Montag, 13. Mai 2024

LG Frankfurt: Fehlendes Rechtsschutzbedürfnis für eine Stufenklage?

In einem laufenden Verfahren verwies die Gegenseite auf das Urteil des Landgerichts Frankfurt vom 29.05.2019 - 2-04 O 242/18. Dieses ist so falsch, dass ich darauf hier kurz eingehen möchte.

Der Pflichtteilsberechtigte erhob eine Stufenklage und forderte in der ersten Stufe ein notarielles Nachlassverzeichnis. Ein Notar war beauftragt, das Verzeichnis lag noch nicht vor. Das LG Frankfurt wies die Klage ab, da dem Pflichtteilsberechtigten das Rechtsschutzbedürfnis fehle. Der Pflichtteilsberechtigte habe noch Auskünfte gefordert und daher sei das notarielle Nachlassverzeichnis noch nicht fertig. Das ist leider falsch.

Das Rechtsschutzbedürfnis kann fehlen, wenn der Kläger einen einfacheren Weg hat, das gleiche Ziel zu erreichen. Mit der Klage erhält der Pflichtteilsberechtigte einen Titel, aus dem er vollstrecken kann. Zudem wird (mit der Stufenklage) die Verjährung recht zuverlässig gehemmt (mit Ausnahme der sechsmonatigen Untätigkeit nach § 204 Absatz 2 BGB). Anders als durch die Klage lässt sich dieses Ziel für den Pflichtteilsberechtigten nicht erreichen. Daher fehlt dieser Klage auch nicht das Rechtsschutzbedürfnis.

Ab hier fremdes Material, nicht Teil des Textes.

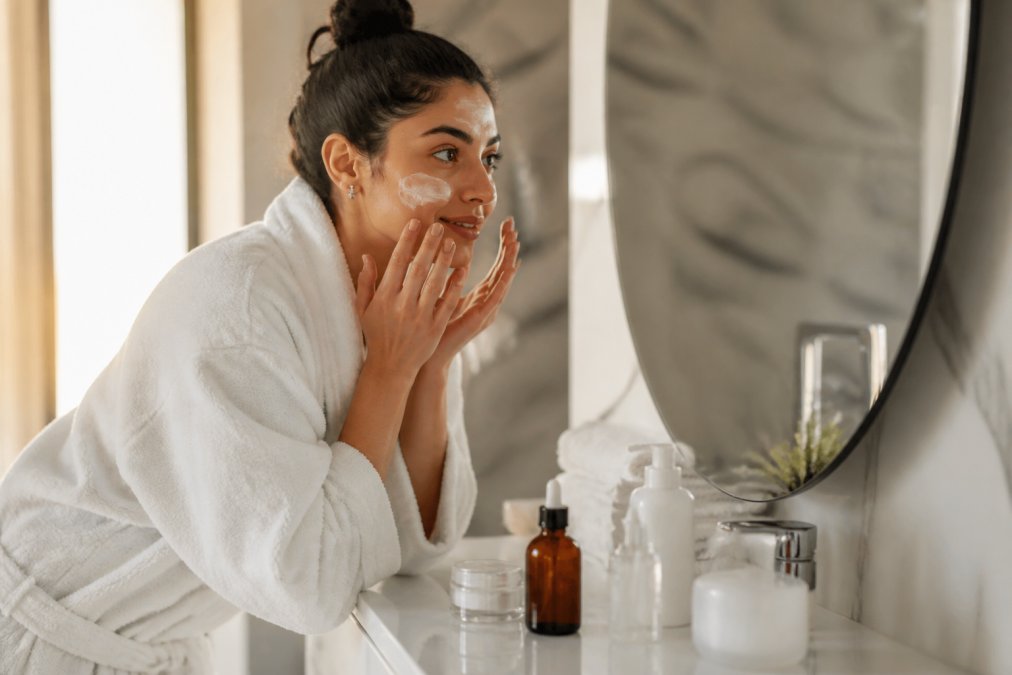 Skincare bottles arranged on a bathroom counter for a jordan wellness routine under soft natural light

Das Gericht hat auch etwas ganz anderes geprüft. Es hat geprüft, ob ein Anlass zur Klageerhebung bestand. Dafür gibt es im Gesetz eine Vorschrift, die das LG Frankfurt nicht erwähnt (oder nicht gefunden?) hat. Nach § 93 ZPO kann der Beklagte ein sofortiges Anerkenntnis abgeben. Wenn er vorher keinen Anlass zur Klageerhebung gegeben hat, muss der Kläger die Kosten tragen. Dies ist eine angemessene Regelung. Der Kläger erhält seinen Titel in jedem Fall. Aber wenn er zu früh klagt, trägt er die Kosten.